00000 Xxxxxxxxxxx Xxxx
Xxxxxxx, Xxxxxxxx 00000
Re: Waiver regarding Revolving Credit Agreement dated as of August 11,
1995 as amended ('Credit Agreement')
Dear Xx. Xxxxxxx:
Having received approval and authorization from the Majority Banks, the
Agent hereby confirms the waiver ('Waiver') by the Agent and the Majority Banks
of Valassis Communications, Inc.'s ('VCI') noncompliance with the provisions of
Section 7.10 of the Credit Agreement and any Event of Default under Section
8.1(k) of the Credit Agreement arising solely as a result of the transaction
described in your letter to Comerica Bank dated June 16, 1997, a copy of which
is annexed hereto.
This Waiver shall not be deemed to amend or alter in any respect the terms
of the Credit Agreement or any of the other Loan Documents (including without
limitation all conditions or requirements for Advances, and any other financial
or other covenants), or to constitute a waiver or release by any of the Banks or
Agent of any right, remedy, Default or Event of Default under the Credit
Agreement or any of the other Loan Documents, except as expressly set forth
above.
Except as specifically defined to the contrary herein, capitalized terms
used in this Waiver shall have the meanings given them in the Credit Agreement.
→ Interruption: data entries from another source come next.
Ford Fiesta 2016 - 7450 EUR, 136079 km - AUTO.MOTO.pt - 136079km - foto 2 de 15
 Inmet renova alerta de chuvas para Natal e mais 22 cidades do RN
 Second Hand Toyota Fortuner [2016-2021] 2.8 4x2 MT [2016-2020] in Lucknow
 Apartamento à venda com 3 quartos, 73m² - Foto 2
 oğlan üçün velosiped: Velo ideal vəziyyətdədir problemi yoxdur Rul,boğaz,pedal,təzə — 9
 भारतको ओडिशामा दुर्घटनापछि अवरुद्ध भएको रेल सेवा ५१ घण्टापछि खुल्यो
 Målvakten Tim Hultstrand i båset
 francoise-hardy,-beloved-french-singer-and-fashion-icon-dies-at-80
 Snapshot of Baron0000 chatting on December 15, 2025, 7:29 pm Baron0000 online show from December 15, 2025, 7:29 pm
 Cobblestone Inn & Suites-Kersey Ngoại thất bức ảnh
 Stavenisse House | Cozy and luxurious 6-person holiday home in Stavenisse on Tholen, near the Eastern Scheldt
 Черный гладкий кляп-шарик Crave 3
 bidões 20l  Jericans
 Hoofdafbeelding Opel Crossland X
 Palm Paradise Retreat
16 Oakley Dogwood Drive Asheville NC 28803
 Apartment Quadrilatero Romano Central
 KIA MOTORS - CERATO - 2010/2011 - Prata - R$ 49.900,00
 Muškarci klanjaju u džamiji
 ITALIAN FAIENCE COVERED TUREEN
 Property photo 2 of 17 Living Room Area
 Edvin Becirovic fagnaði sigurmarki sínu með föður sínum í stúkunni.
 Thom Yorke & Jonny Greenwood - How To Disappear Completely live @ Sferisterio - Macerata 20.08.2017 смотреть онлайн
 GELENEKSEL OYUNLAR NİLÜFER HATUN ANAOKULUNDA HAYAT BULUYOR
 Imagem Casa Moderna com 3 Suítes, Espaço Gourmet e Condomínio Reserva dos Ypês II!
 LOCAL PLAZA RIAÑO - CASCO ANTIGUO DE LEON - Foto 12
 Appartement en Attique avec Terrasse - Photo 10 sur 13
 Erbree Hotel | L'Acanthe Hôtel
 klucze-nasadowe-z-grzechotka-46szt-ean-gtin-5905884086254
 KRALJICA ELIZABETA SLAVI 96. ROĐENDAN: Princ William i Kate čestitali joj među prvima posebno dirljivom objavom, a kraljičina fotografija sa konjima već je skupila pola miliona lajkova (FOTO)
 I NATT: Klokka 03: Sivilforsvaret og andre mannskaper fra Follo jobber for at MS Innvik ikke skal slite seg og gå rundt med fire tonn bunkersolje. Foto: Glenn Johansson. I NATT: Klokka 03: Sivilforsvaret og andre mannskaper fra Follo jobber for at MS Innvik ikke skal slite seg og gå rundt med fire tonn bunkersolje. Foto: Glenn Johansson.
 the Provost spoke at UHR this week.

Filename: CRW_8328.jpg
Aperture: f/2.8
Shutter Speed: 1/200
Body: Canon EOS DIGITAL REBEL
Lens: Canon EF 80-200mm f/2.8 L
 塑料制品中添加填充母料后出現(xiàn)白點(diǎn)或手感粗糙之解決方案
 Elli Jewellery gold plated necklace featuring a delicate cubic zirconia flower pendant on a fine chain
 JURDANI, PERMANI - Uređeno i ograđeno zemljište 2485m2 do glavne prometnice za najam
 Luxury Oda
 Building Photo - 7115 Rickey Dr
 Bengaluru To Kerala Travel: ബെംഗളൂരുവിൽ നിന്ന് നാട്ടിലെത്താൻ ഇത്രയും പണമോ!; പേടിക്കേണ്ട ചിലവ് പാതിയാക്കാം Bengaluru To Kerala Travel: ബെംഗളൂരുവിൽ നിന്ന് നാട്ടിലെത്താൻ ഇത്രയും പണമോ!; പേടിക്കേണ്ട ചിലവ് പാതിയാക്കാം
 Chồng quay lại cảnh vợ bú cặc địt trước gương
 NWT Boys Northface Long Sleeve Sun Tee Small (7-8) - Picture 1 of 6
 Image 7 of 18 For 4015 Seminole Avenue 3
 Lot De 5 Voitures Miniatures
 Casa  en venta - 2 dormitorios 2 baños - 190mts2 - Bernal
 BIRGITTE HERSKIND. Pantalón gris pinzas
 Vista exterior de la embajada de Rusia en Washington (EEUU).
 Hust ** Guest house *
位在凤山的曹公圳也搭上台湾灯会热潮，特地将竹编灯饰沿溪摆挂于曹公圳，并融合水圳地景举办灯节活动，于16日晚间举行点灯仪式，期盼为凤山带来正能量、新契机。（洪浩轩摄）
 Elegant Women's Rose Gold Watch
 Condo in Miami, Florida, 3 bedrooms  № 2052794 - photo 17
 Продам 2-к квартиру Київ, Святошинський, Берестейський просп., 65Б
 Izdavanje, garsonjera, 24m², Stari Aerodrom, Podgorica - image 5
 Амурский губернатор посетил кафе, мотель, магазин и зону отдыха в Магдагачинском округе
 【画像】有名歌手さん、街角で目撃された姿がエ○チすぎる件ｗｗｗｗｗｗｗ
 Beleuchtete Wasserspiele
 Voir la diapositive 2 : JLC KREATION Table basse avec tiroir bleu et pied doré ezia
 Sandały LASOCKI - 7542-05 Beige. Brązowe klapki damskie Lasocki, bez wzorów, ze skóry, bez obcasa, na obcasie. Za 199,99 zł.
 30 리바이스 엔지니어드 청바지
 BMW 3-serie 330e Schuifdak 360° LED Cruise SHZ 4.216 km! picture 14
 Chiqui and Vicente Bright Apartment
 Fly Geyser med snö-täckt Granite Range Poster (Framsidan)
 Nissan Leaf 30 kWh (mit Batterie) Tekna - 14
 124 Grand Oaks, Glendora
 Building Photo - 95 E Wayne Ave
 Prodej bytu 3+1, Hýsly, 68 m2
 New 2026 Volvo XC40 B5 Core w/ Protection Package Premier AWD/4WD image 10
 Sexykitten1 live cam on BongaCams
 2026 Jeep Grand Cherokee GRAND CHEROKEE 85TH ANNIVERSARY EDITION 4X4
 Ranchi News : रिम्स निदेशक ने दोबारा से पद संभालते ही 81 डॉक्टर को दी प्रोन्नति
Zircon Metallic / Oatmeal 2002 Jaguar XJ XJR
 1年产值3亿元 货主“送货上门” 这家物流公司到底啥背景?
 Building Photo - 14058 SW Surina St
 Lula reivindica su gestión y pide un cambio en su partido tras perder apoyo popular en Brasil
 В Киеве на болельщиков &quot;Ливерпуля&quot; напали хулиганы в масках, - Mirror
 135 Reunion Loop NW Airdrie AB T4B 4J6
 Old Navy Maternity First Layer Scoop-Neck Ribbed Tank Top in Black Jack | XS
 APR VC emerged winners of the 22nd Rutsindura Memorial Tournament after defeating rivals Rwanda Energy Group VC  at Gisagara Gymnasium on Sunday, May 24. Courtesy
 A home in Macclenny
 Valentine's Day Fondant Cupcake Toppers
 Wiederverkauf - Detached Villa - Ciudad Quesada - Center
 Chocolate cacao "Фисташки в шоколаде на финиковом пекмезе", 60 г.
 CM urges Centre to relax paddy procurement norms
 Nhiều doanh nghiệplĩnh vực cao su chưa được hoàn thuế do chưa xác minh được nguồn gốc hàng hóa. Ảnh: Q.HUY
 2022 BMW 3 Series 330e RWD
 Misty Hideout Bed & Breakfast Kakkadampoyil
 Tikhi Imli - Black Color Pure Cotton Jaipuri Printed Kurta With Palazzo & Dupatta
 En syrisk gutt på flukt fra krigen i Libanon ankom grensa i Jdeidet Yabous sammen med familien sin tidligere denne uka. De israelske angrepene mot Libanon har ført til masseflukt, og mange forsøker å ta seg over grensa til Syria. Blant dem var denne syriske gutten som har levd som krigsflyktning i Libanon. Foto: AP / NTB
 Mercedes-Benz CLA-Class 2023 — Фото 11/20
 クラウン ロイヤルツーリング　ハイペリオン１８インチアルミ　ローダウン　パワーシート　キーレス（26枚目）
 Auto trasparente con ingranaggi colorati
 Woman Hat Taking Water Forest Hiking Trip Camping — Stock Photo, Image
This Waiver shall not become effective unless and until countersigned by VCI (in
the space provided below) and returned to the Agent within five (5) Business
Days from the date of this letter.
Very truly yours,
COMERICA BANK
By: Xxxxxx X. Xxxxxxx
-------------------.
Its: Vice President
VCI hereby acknowledges the Waiver
on the foregoing terms this 25th
day of June, 1997:
VALASSIS COMMUNICATIONS, INC.
By: /s/ Xxxxx X. Xxxxxxx
------------------------------
By: Xxxxx X. Xxxxxxx, Esq.
Its: Secretary
[LOGO of Valassis Communications]
June 16, 1997
Xx. Xxxx Xxxxxxxxx
Comerica Bank
P.O. Box 75000
Detroit, MI 48275-3327
Dear Xxxx:
As you know, Valassis Communications announced on June 6 that we have filed a
Form S-3 Registration Statement with the Securities and Exchange Commission.
This Statement was filed because Conpress International (Netherlands Antilles)
N.V., an affiliate of Consolidated Press Holdings Limited, is planning to sell
approximately 13 million of its 20.2 million shares of Valassis common stock.
This sale will reduce their interest from approximately 50% to less than 18%.
This transaction will trigger an Event of Default under Section 8.1(k) of our
Revolving Credit Agreement. In addition, since Valassis has entered into an
agreement to assist Conpress with the registration and sale of these shares,
this may fail the negative covenant text found in Section 7.10 (preventing
transactions with affiliates). In order to avoid default, we are requesting that
the Bank Group issue a waiver on this entire transaction as soon as possible
since this sale is expected to occur by early July. Ideally, this waiver should
also specifically refer to these two sections so that there is no confusion.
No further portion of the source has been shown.